For the standout forward and some of the other guys on the first-year squad, the way they dress and play go hand in hand.
Those fashionable-looking guys walking into Nippert Stadium on game days play as organized as they look. FC Cincinnati, which hosts first-place Louisville at 4 p.m. Saturday, sits in third place in the USL Eastern Conference.
“We play some of the best futbol in the league, so I think we're one of the best-dressed too,” Okoli said. “Look good, play good.”
The club has a “business casual” dress code on game days, and some take that to the next level.
A few are known to enjoy shopping — some even went to Chicago for a shopping trip during an off weekend in May — and even those who don’t still dress pretty sharp, according to several players on the team.
“I would say I always try to look stylish, whether that means sweat pants and t-shirt during the week, and on the weekends I'm in a suit for a game.
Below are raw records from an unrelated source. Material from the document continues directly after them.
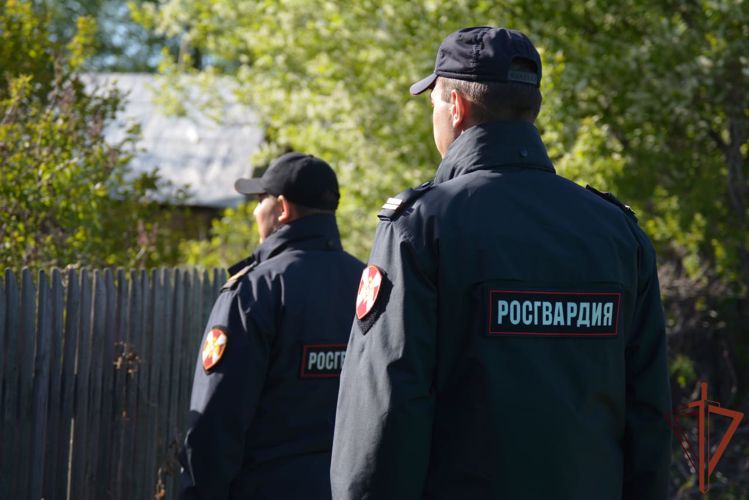 В Омске сотрудники Росгвардии оказали помощь гражданам на пожаре
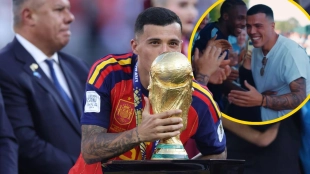 Pedro Porro recibe un emotivo homenaje en su regreso al Tottenham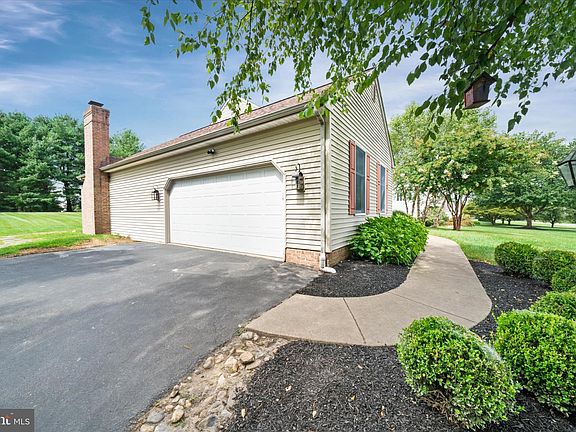 5th image of 163 Bakerfield Dr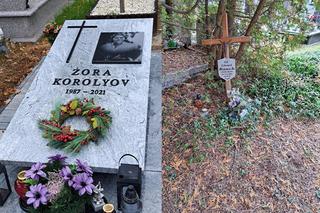Piękny, nowy grób Żory Korolyova, a obok przerażający widok. Zniszczone mogiły aktorów kultowych komedii PRL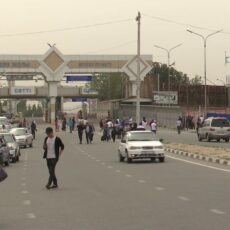 Через погранпост «Жибек жолы» теперь пропускают в обе стороны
I think you can always make yourself look presentable,” midfielder Ross Tomaselli said. “The way you dress is a reflection of who you are, so I try to match that.
“I like to think, on the soccer field I'm an organized player and I'm always trying to put things in place, so I like to think my style kind of reflects that, in that I'm always pretty put together. I try to look presentable and keep it consistent.”
Tomaselli and Okoli are considered among the team’s best dressers, along with forward Andrew Wiedeman, midfielders Jimmy McLaughlin and Corben Bone, defender Harrison Delbridge and goalie Mitch Hildebrandt, according to several players.
Each one has a different style, but Tomaselli said the thing that he thinks sets him apart is the bolo tie he inherited from his grandfather. His go-to attire usually features black AG slacks, black Chelsea boots and a nice shirt to match.
“It's something I developed over time,” Tomaselli said of his fashion sense. “I think the beautiful thing about soccer is it's a global sport, so it sparks your interest in places all over the world, and with that, there's a whole culture to soccer. I've been fortunate to travel around the world and see how soccer players and citizens of the world dress and act in different cultures, so I think soccer has really sparked my interest in fashion.
“In a weird way, fashion and soccer go hand in hand. I think soccer in its purest form is an art, and I think fashion, in a sense, is an art, so I think a lot of people that are drawn to soccer are drawn to fashion as well. If you look at the top soccer players in the world, guys like Cristiano Ronaldo, Sergio Ramos, Andrea Pirlo, David Beckham, they are all fashion icons.”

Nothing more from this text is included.